Uma passagem de 'Epistemology Naturalised' sugere que Quine não se sente bem com o uso epistemológico exagerado da história da ciência:

Como vimos, o desalojar da epistemologia de seu velho status de primeira filosofia produziu uma onda de niilismo epistemológico. De certo modo, essa onde se encontra na tendência de Polanyi, Kuhn e Russell Hanson de diminuir o papel da evidência e acentuar o relativismo cultural. Hanson ousou até mesmo lançar dúvidas sobre a idéia de observação, argumentando que as assim chamadas observações variam de observador para observador, conforme a quantidade de conhecimento que os observadores trazem com eles. O físico veterano olha para algum aparato e vê um tubo de raio-x. O neófito, olhando para o mesmo lugar, observa antes "um instrumento de vidro e metal repleto de arames, refletores, parafusos, lâmpadas e botões". A observação de um homem é o livro fechado do outro homem ou o vôo da imaginação(p.88).

Por isso, o interesse predominante de Quine na psicologia e não na história depende da crença de que 'evidência' e 'observação' têm de ser fundamentais se não quisermos cair no 'niilismo' ou 'relativismo', e da crença de que os que se voltaram à história em busca de uma base naturalista para a epistemologia falharam em evitar esse perigo.
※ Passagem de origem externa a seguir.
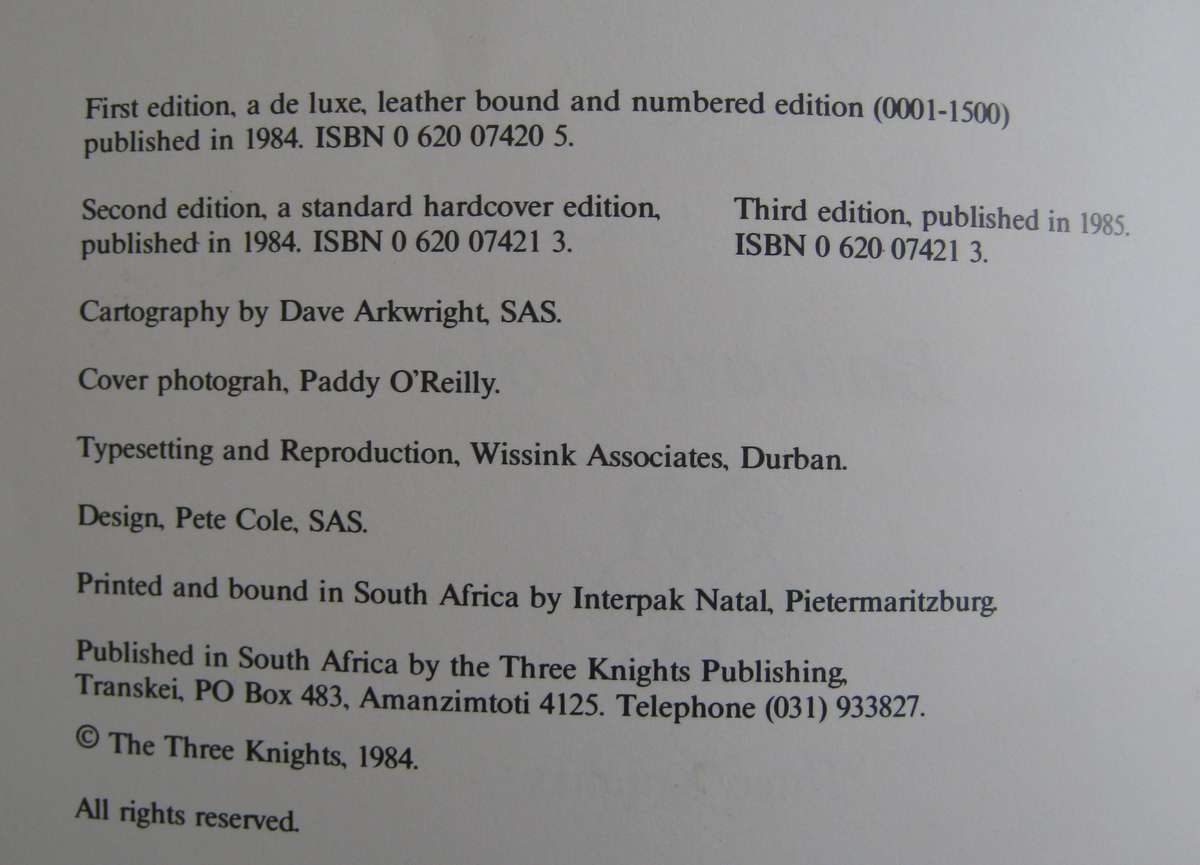 The Elite  -  The Story of The Rhodesian Special Air Service Barbara Cole. Signed by the author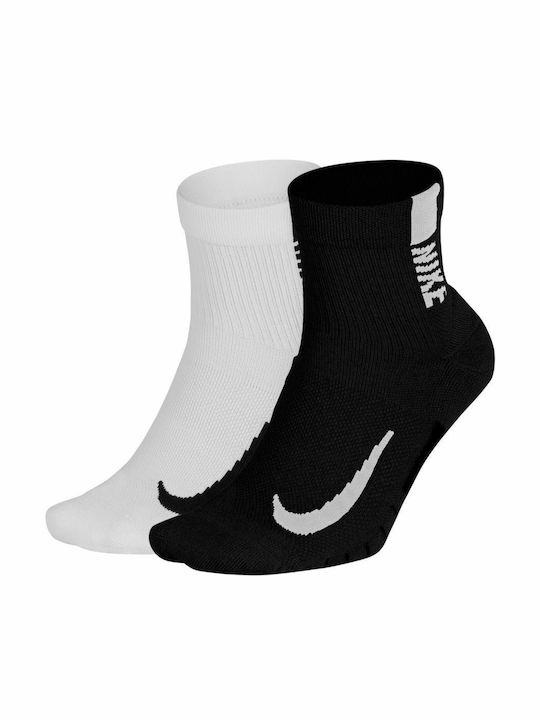 Nike Running Κάλτσες Πολύχρωμες 2 Ζεύγη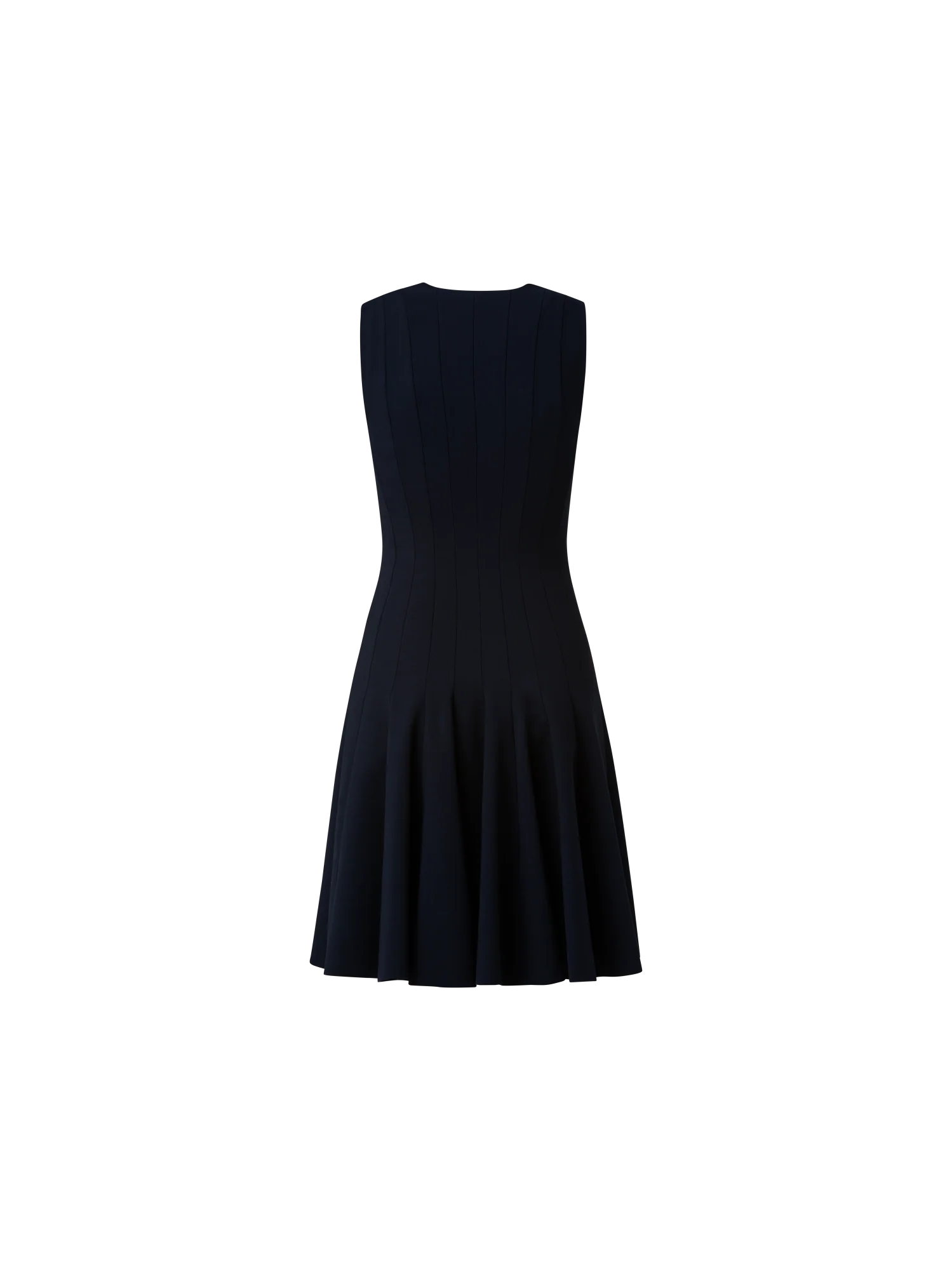Wool Double-Face Dress with Skaters Pleats - Image 2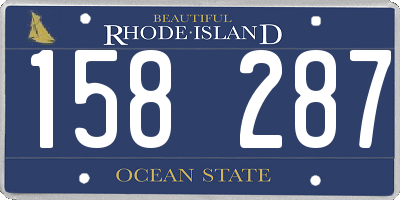 RI license plate 158287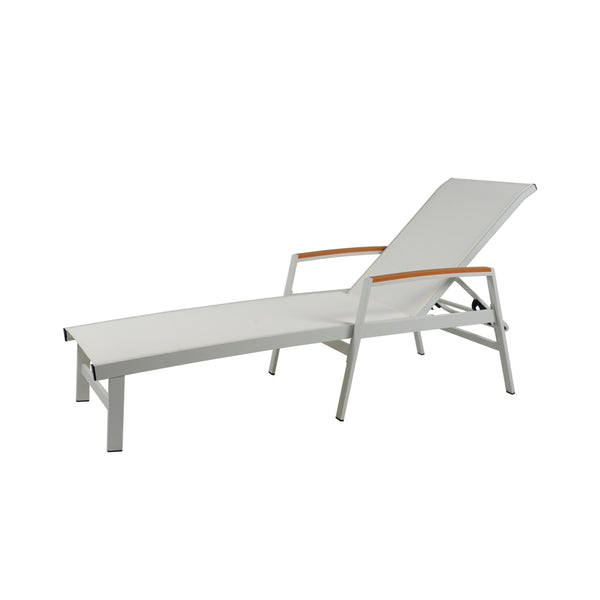 English Elm Christopher Knight Home® - Oxton Chaise Lounge - Adjustable Outdoor Seating With Rust-Resistant Frame & Breathable Mesh Comfort N775P210702W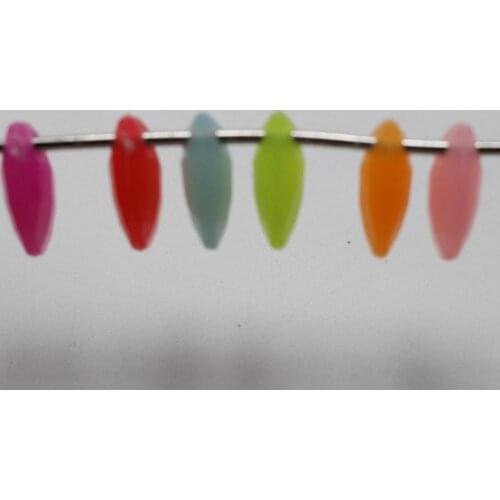 100 Mixed Jelly Color Acrylic Faceted Teardrop Pendants 18X13mm Top Hole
De fato, esta ênfase já estava presente em sua descrição de como as normas epistêmicas são entendidas como imperativos hipotéticos: o fim para o qual nós buscamos meios eficientes foi explicitamente estabelecido nos termos derivados da psicologia teórica quineana - 'estimulação sensorial antecipada'. Mesmo que ele esteja abandonando a 'filosofia primeira', ele quer preservar a psicologia como um tipo de 'primeira epistemologia'.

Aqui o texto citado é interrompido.